Review based on an Advanced Reading Copy (ARC).

Let me start off by saying if you’re not familiar with Kristin Cashore’s Graceling series, go here first to read our review of the first book, Graceling, in this companion book trilogy. It’s a great fantasy adventure with an active, feisty female protagonist, and both Ruby and I loved it (and all consequent books!). If you have read Graceling and it’s companion Fire, carry on.

Bitterblue is, obviously, the long-awaited third book in Cashore’s fantasy world of the Seven Kingdoms. While Graceling focuses on Katsa (a young woman with a killing grace) and Fire goes over the mountains and into the past to show us the Dells and a human monster named Fire, Bitterblue focuses on the young queen of the same name. (Never fear, Katsa and Po fans: they, along with other familiar faces, are woven throughout the pages and in Bitterblue’s life.)
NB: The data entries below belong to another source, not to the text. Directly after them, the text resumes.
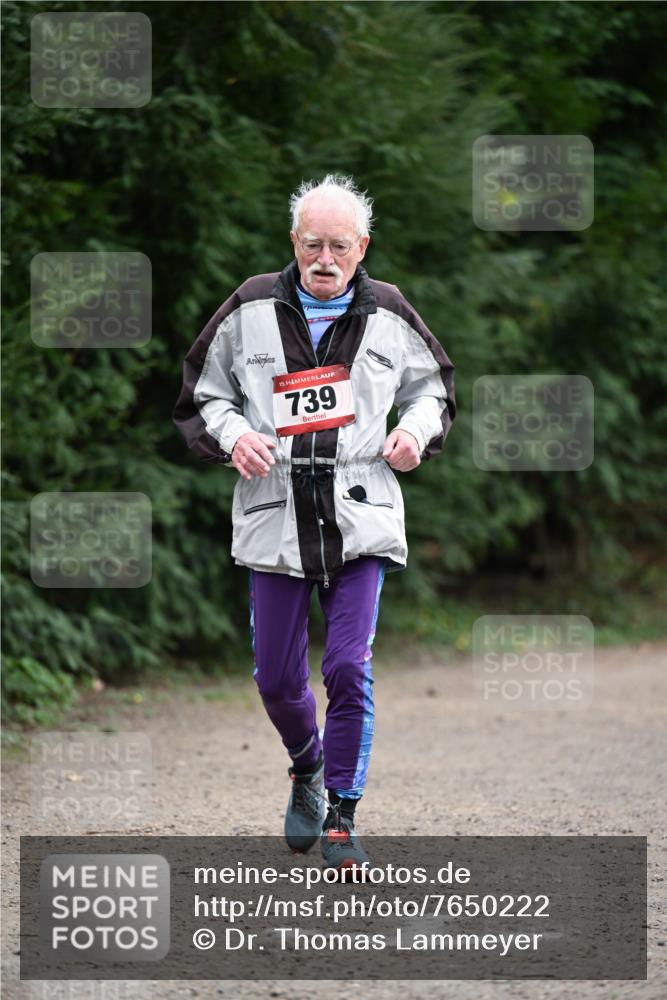 13.04.2025 - Hammer Lauf Dr. Thomas Lammeyer http://msf.ph/oto/7650222 13.04.2025 10:26:48 Laufen 15, 739 meine-sportfotos.de
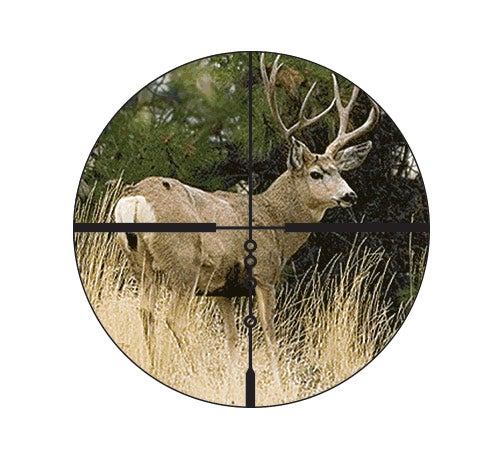 deer in crosshairs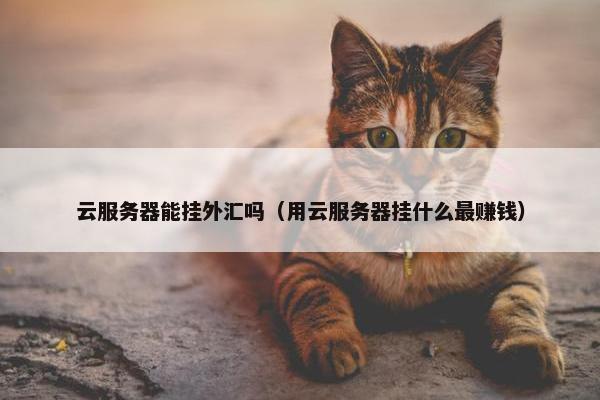 云服务器能挂外汇吗（用云服务器挂什么最赚钱）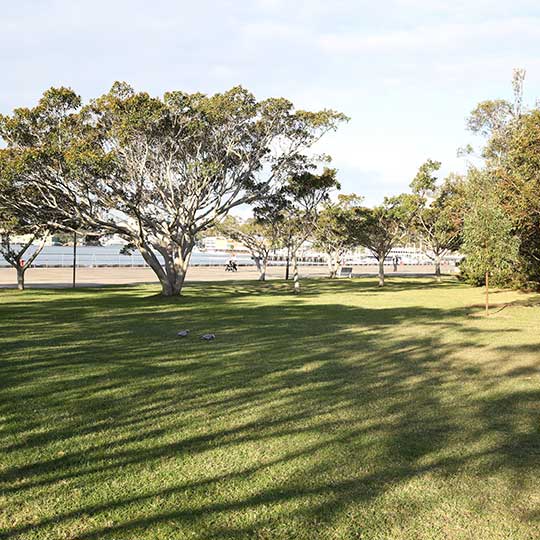 Grass and a tree by the harbour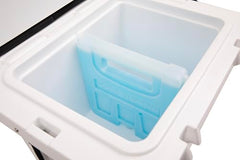 COASTLAND freezable divider used as freezer-ready ice pack inside cooler.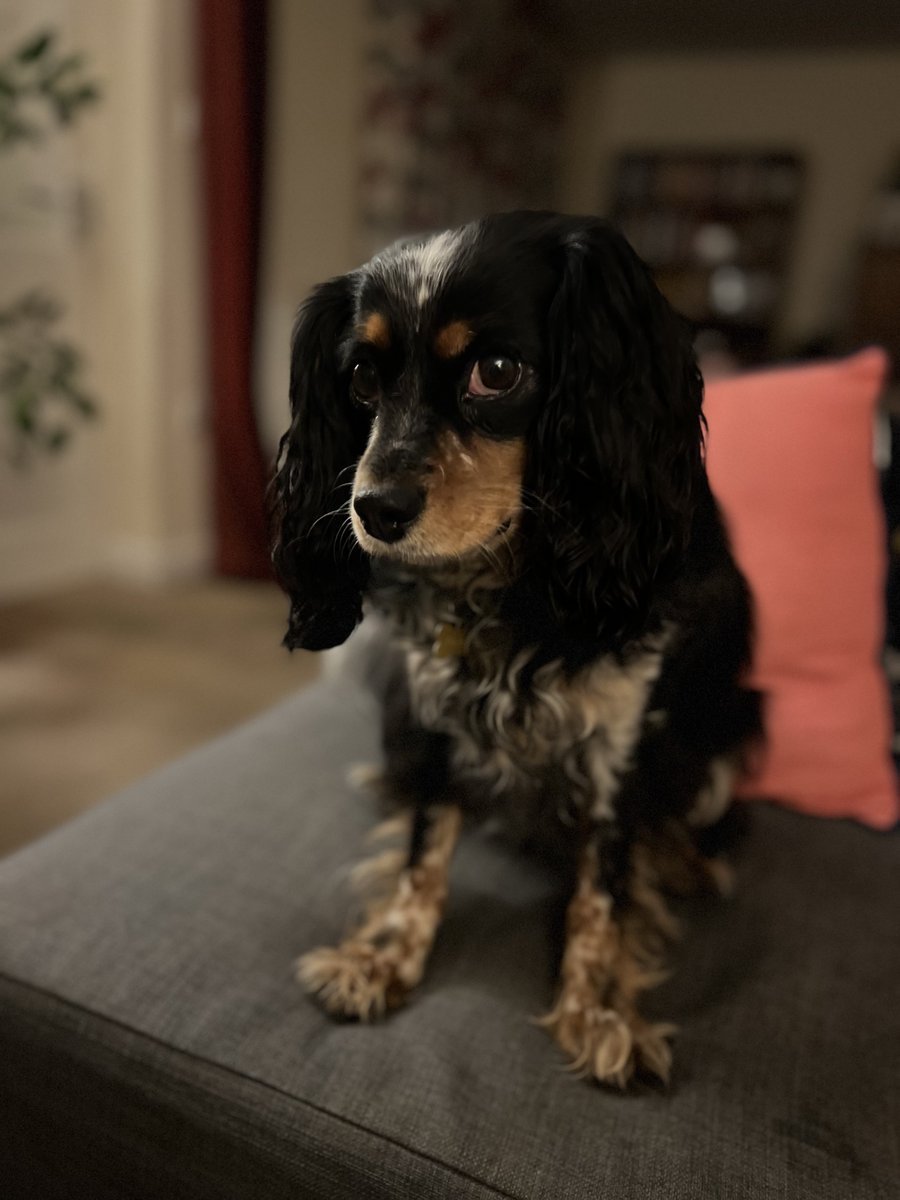 editorial assistant woof tweet media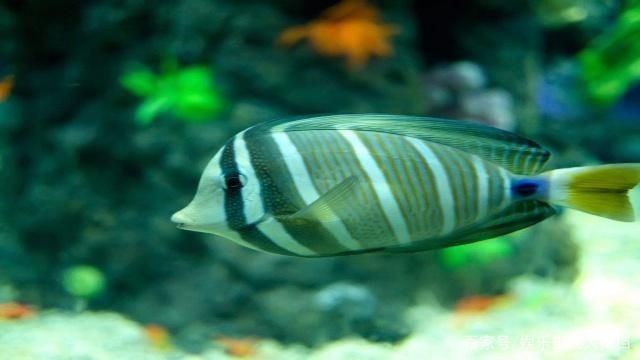觀賞魚混養魚缸怎么養（如何選擇混養觀賞魚） 觀賞魚混養魚缸怎么養（如何選擇混養觀賞魚） 魚缸百科 第3張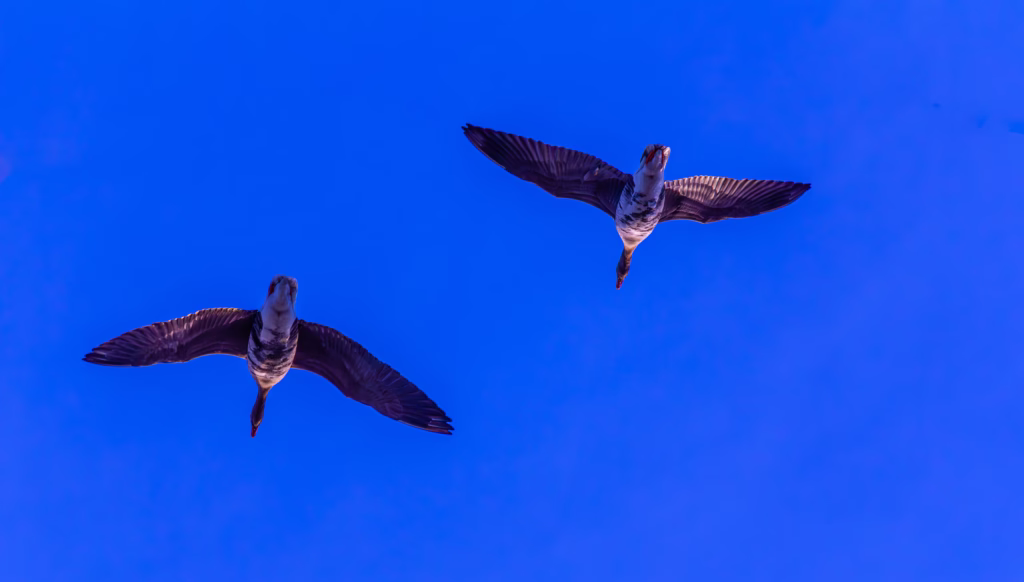 Wildlife Photography Linnufotograafia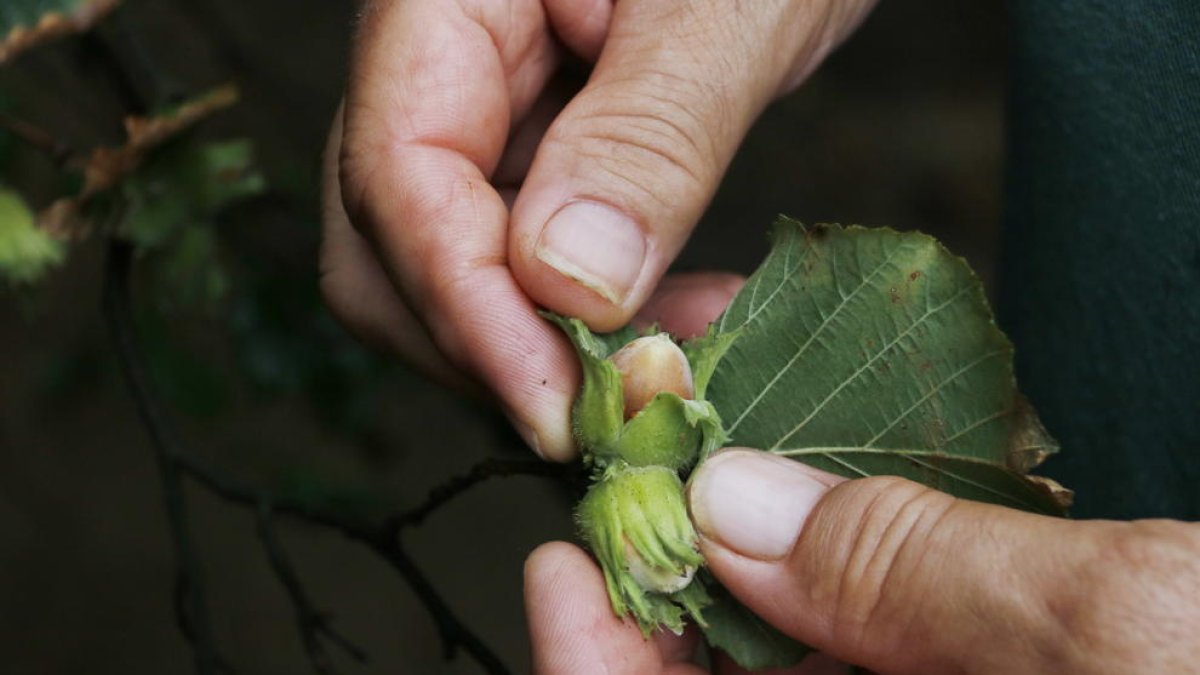 avellana, agricultura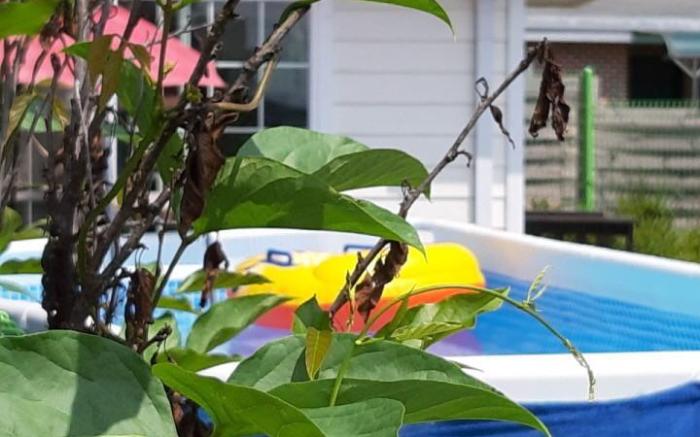 Mongsanpo mong and mong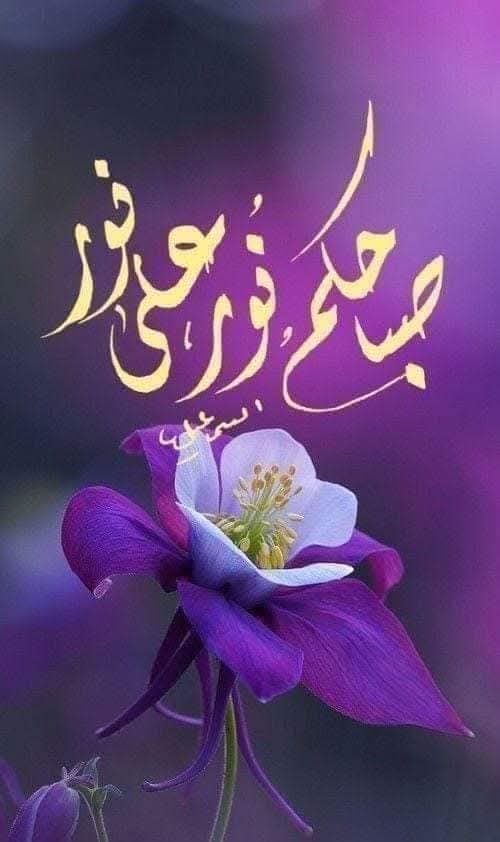 <a href="/Mohamed75014085/">Mohamed Sheta</a>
It has been eight years since Bitterblue’s father, the mind-controlling graceling King Leck, was killed, and she has been growing up under the title of Queen of Monsea. Surrounded by old advisors who would like to pardon all crimes under Leck’s horrific reign and pretend those decades never happened, she finds herself under a mountain of paperwork, governing a land she does not feel she knows. At first Bitterblue trusts her advisers’ judgment, but her growing frustration and a sense of ignorance about the reality of her father, his reign, and the people and society of Monsea makes her realize that she has much to learn. In a moment of exasperation, Bitterblue sneaks out of the castle one night in servant’s clothes and finds herself in a crumbling city full of thieves–some friendly, some dangerous–and finally realizes that the “truths” she is being told in her castle are not real. Through her budding relationship with two thieves and printers, Bitterblue slowly learns about her kingdom through her disguise and starts to uncover the fog that Leck left on his subjects, as well as the deceit and misinformation making its way to her palace. As her own mind wakes up to the realities of her kingdom–both beautiful and tragic–and she starts a secret project to uncover who Leck really was and how she can bring her people back to the light. Bitterblue is more of a mental adventure than its predecessors, but it still holds the key ingredients that have made all of Cashore’s books a success, including romance, adventure, suspense and intrigue, and difficult, sometimes philosophical questions about self and others. I loved Bitterblue, and my only (minor) regret is that I didn’t re-read the companion novels before diving in. (more…)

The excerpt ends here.